Taking the line with "如意【92jade 遇見善緣】現貨特惠 玉花生-細節圖4" as the first, copy every line through the end of the records below exactly. Do not include pictures.

[Dataset excerpts]:
============================================================

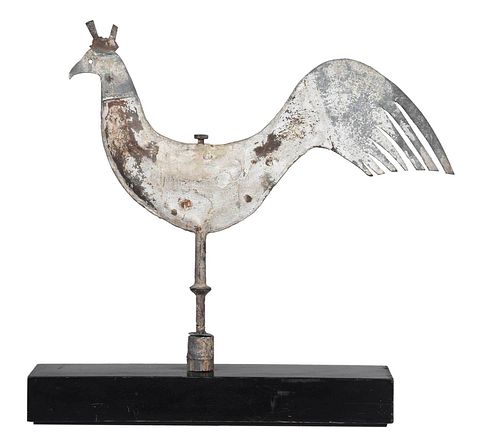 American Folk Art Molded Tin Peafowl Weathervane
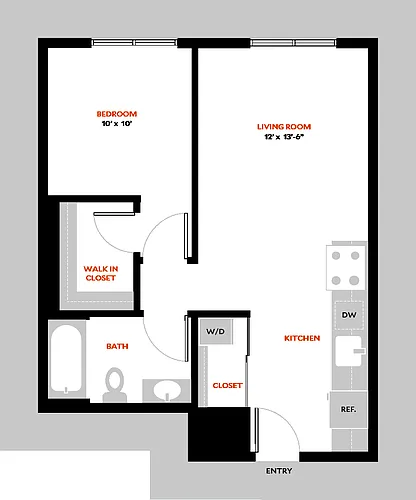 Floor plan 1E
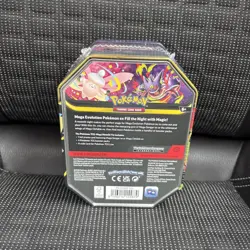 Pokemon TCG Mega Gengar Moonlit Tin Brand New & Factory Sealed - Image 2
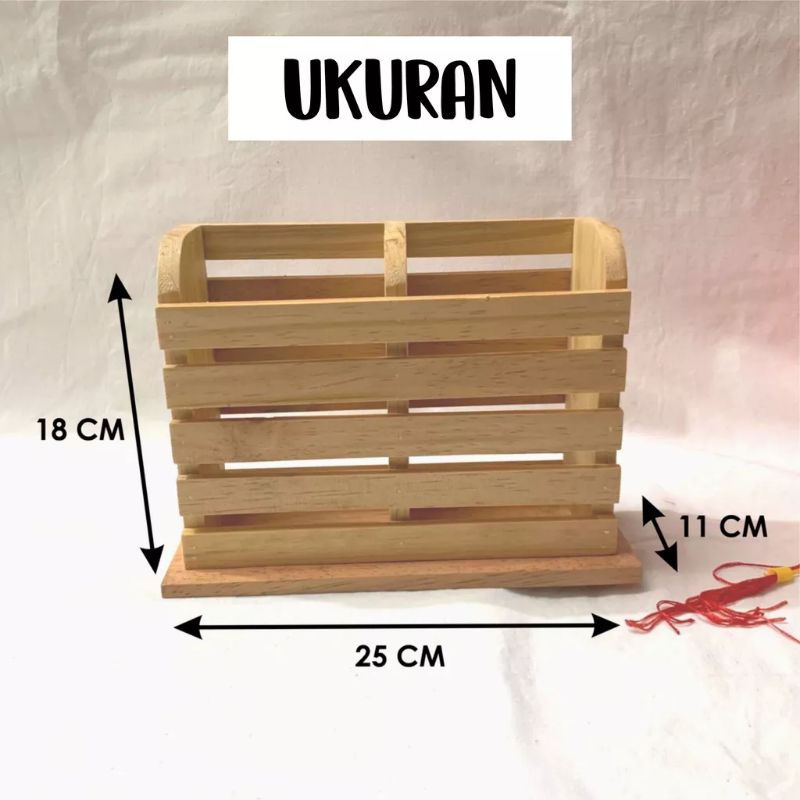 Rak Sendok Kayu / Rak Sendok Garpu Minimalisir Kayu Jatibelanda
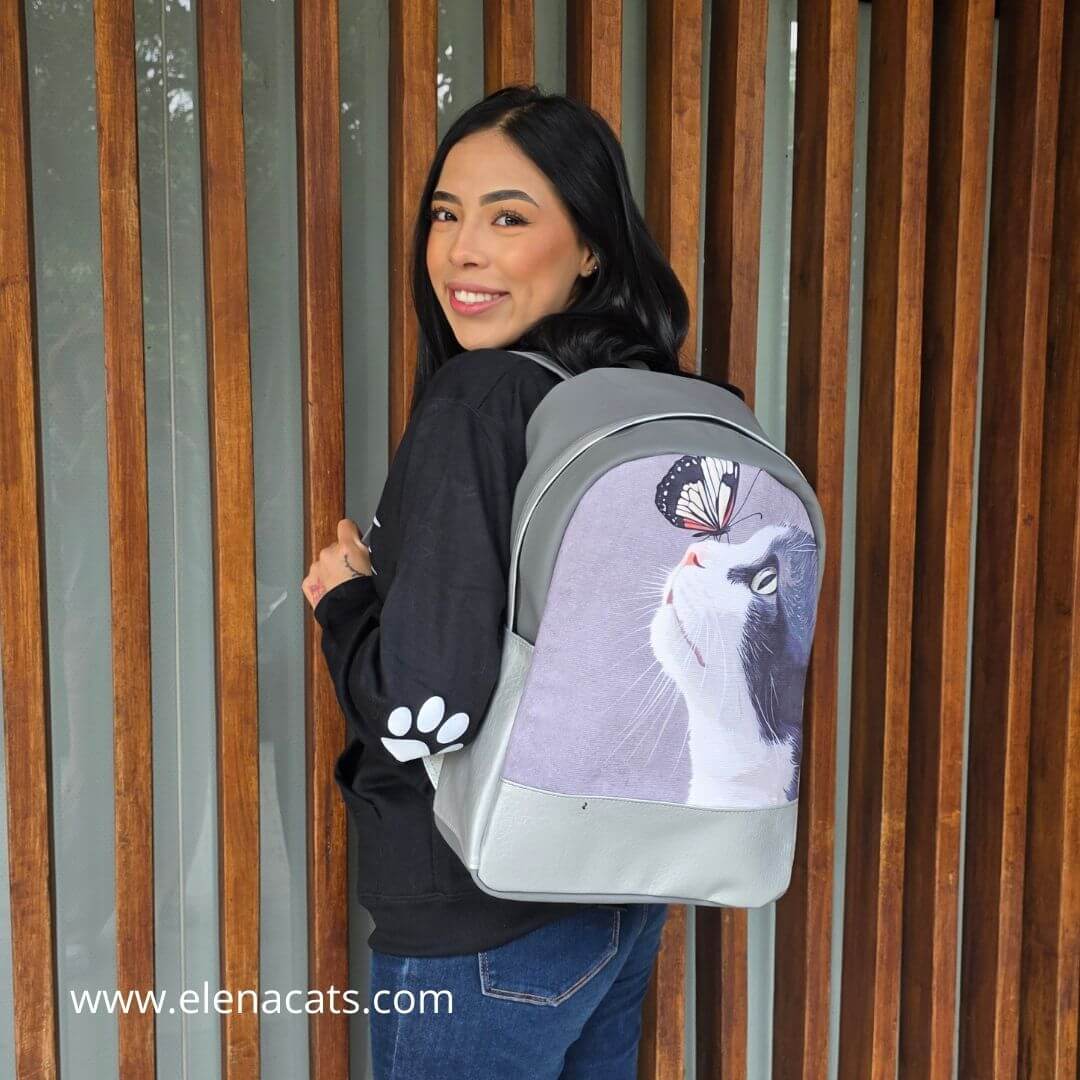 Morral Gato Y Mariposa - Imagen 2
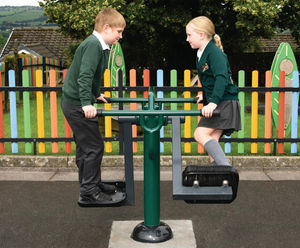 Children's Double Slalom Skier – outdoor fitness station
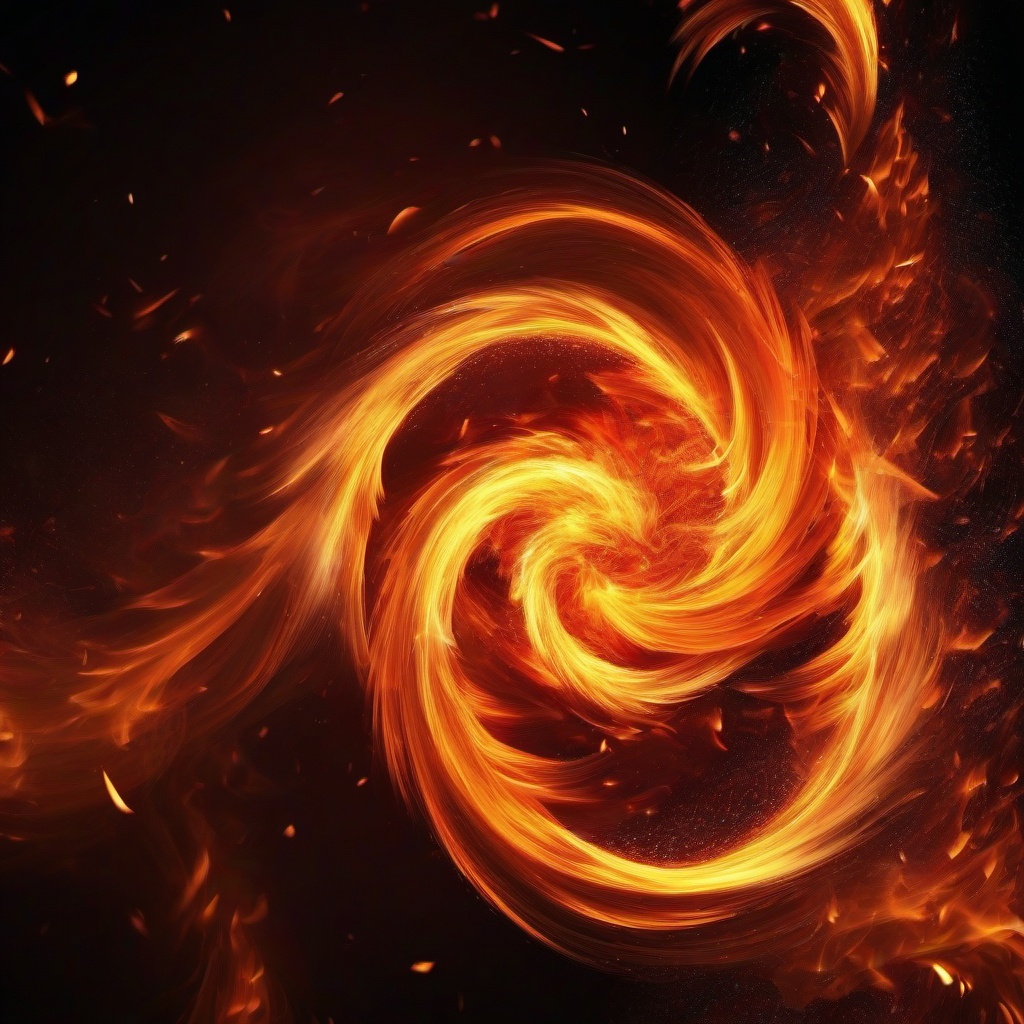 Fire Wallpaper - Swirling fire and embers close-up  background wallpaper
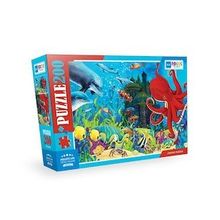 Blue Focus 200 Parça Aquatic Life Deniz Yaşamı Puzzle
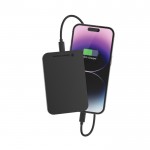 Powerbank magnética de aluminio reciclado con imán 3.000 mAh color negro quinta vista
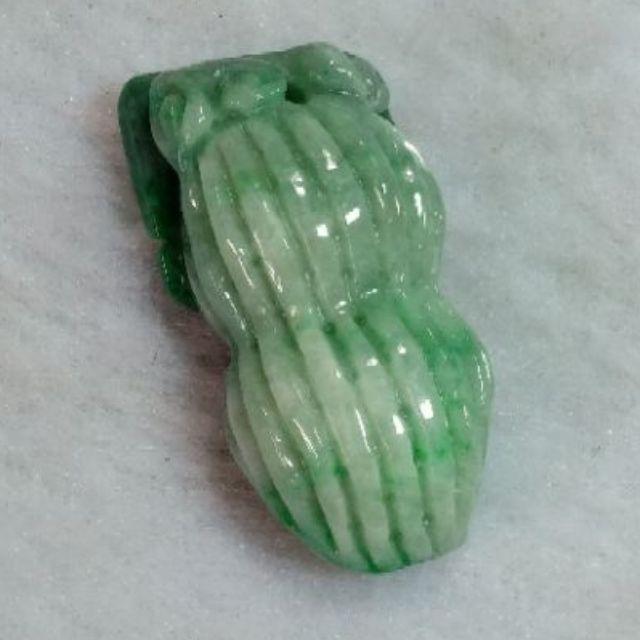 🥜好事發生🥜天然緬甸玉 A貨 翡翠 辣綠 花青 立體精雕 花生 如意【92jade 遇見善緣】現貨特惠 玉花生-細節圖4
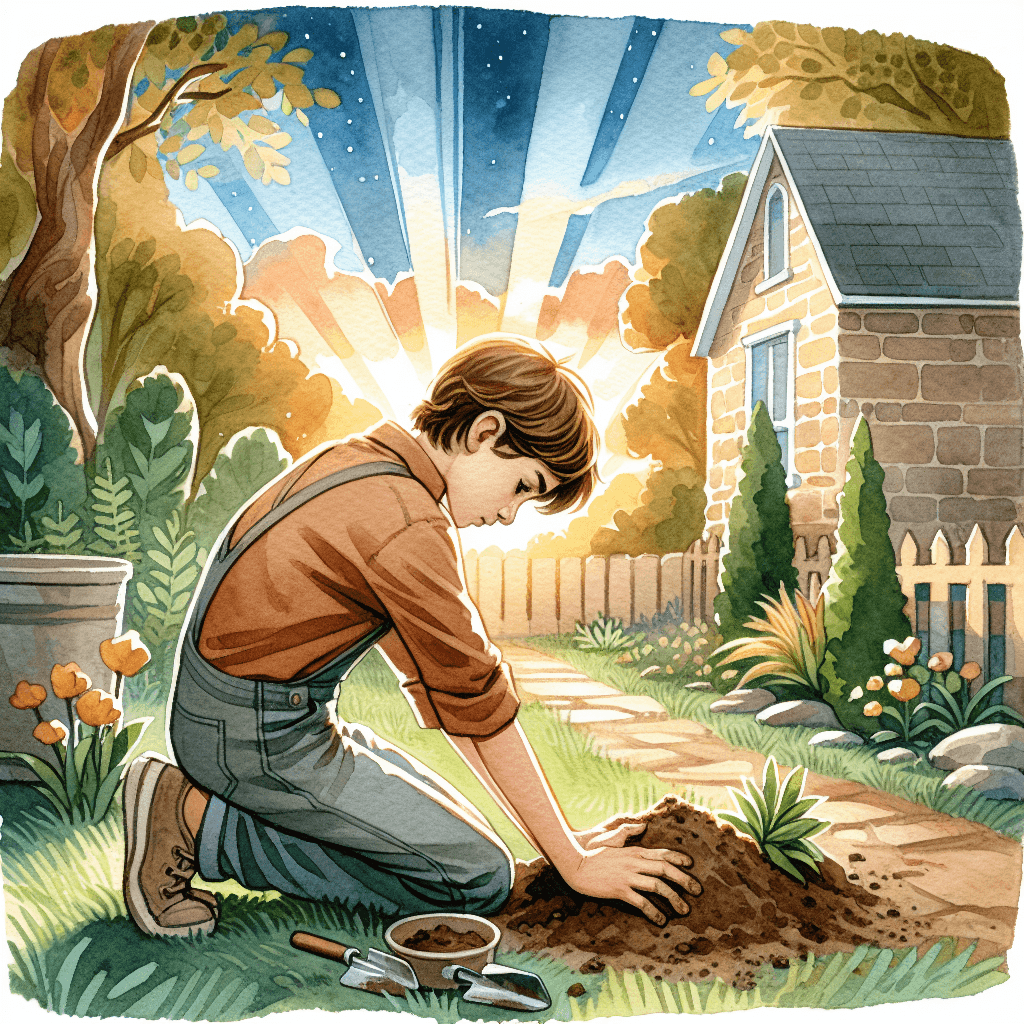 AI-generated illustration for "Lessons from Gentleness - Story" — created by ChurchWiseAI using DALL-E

============================================================

[Solution for this task]:
 🥜好事發生🥜天然緬甸玉 A貨 翡翠 辣綠 花青 立體精雕 花生 如意【92jade 遇見善緣】現貨特惠 玉花生-細節圖4
 AI-generated illustration for "Lessons from Gentleness - Story" — created by ChurchWiseAI using DALL-E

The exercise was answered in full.